In the listing below, locate the line with "快如闪电！UFC选手连续两场飞膝重创对手 这画面太吓人" and the line with "Used 2011 BMW X5 xDrive35i image 4", then output both and everything between them exactly, minus any pictures.

## Given information
***

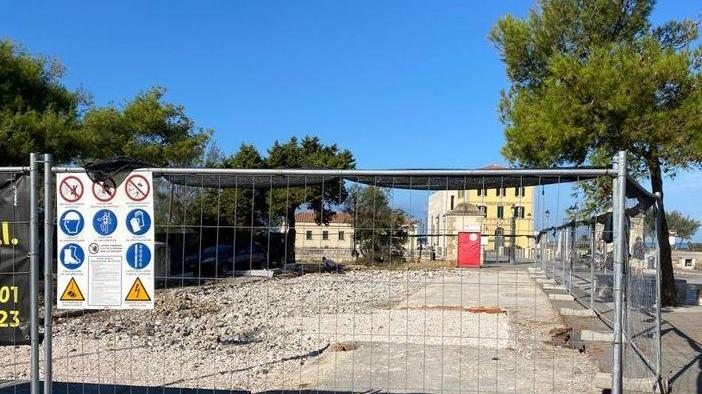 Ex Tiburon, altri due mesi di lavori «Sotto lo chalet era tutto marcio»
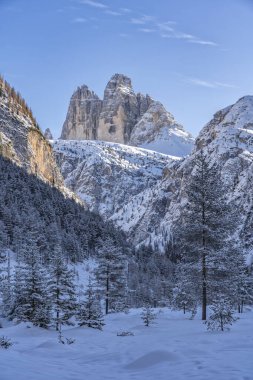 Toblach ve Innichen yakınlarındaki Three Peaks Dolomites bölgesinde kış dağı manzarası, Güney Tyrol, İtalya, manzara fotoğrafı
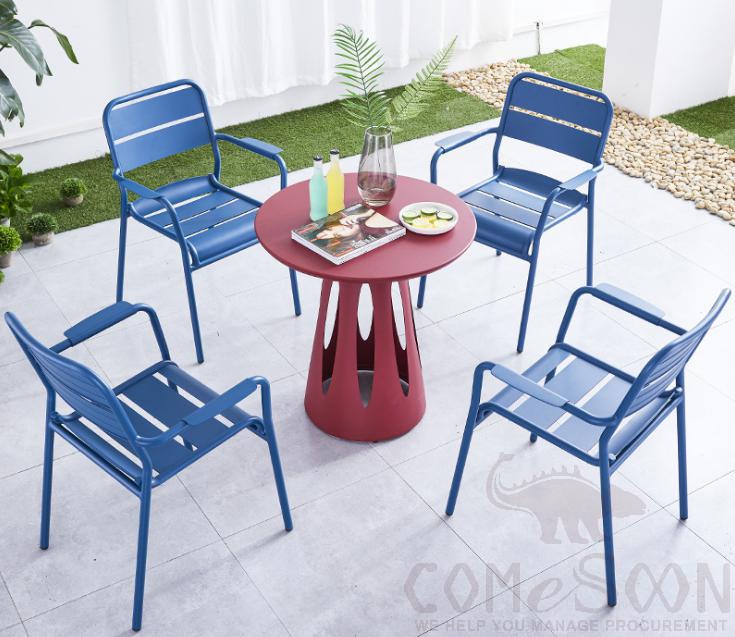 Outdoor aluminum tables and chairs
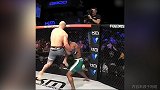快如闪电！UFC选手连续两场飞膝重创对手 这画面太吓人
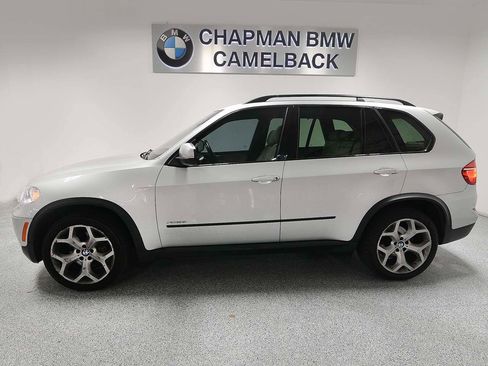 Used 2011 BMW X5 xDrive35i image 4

***

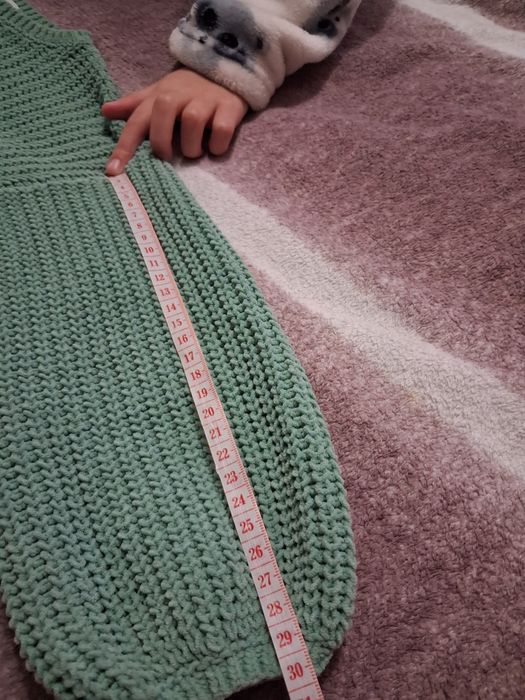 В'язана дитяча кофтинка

***

## Answer below
快如闪电！UFC选手连续两场飞膝重创对手 这画面太吓人
 Used 2011 BMW X5 xDrive35i image 4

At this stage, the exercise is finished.